MILANO, REGALA PANETTONI AI CLOCHARD IN PIAZZA DUOMO. IL BENEFATTORE ANONIMO: “SO COME CI SI SENTE”
L’UOMO E’ UN SESSANTENNE DELLA BERGAMASCA: “NON MI DO PACE PER NON ESSERE RIUSCITO AD ACCONTENTARE TUTTI”
La notte dell’Immacolata, 8 dicembre, è salito in macchina e ha parcheggiato in zona Loreto. Poi ha percorso alcuni chilometri a piedi per arrivare in Piazza Duomo e regalare diversi panettoni ai clochard accampati tra i marciapiedi. Il benefattore, che preferisce rimanere anonimo, è un sessantenne della Bergamasca. Che, intervistato dal Corriere, spiega le ragioni del suo gesto: «Vengo da una famiglia povera, so come ci si sente».
La storia
«Non voglio essere frainteso, che chi mi conosce possa pensare al mio gesto come a un modo per farmi pubblicità». Per questo l’uomo preferisce non rilevare la sua identità anche perché gli basta l’azione caritatevole che ha compiuto. «Una persona normale, che vive del suo lavoro», si definisce. Quindi non benestante: «Papà operaio, mamma casalinga e quattro figli da sfamare e crescere, dei quali io sono il più grande. Nel 1977 desideravo fare una vacanza. Ma non c’erano soldi in casa. E allora sono partito insieme a un amico facendo l’autostop. Per dieci giorni abbiamo dormito all’aperto, sulle panchine. Una volta addirittura, a Siena, sul palco dove avveniva la premiazione della contrada vincitrice del palio. La mattina presto ci cacciarono con i bastoni. Eravamo gli sfigati. Per avere i soldi per mangiare facevamo i braccialettini intrecciando fili di rame. Facendo quell’esperienza, ho capito cosa significa vivere per strada. E ho sempre avuto rispetto per chi è debole perché pure io sono stato molto debole». Da anni gli piace trascorrere l’8 dicembre in Piazza Duomo: «Mi piace ammirare l’albero», dice. In passato si era limitato a fare l’elemosina, ma nel 2019 aveva anche aiutato a servire un pranzo per gli ospiti della Comunità Sant’Egidio.

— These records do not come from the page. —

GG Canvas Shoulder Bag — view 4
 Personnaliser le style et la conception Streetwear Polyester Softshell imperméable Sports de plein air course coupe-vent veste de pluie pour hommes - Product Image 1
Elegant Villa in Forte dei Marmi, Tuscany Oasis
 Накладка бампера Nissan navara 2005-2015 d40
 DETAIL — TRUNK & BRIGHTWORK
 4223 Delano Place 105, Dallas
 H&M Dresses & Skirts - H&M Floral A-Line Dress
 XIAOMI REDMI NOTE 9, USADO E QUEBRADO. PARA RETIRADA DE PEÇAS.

Il rammarico: «Non ho potuto accontentare tutti»
«Non mi do pace per non essere riuscito ad accontentare tutti», si rammarica l’uomo. Che però promette che il prossimo anno si organizzerà meglio: «Chiederò un aiuto per poter portare più panettoni possibile». Ha un figlio di vent’anni, ma non vuole che l’iniziativa si trasformi in qualcosa di familiare: «L’importante è che lui abbia capito il valore del donare».
I due mondi
I senzatetto vivono nel salotto milanese tra l’albero di Dior e la Galleria, poi sotto i portici davanti alle vetrine di lusso: «Ti rendi conto che ci sono due mondi, quello del giorno, dove dominano la frenesia, il consumismo, con i senzatetto che sono invisibili. E quello della notte, dove vedi ciò che è reale. Alle 7 devono sbaraccare perché la loro presenza toglie decoro alla zona. Se entri nelle viette, al buio, ne trovi altri. Erano tutti copertissimi, non ho visto i loro volti. C’erano tre tende. Colpisce sapere che, nel periodo più festoso dell’anno, sono soli». Il significato del suo gesto sta tutto in queste parole: «Sabato sera mi sentivo come un bambino che freme perché aspetta Santa Lucia. Donare ti arricchisce. E poi non ho fatto niente di esagerato».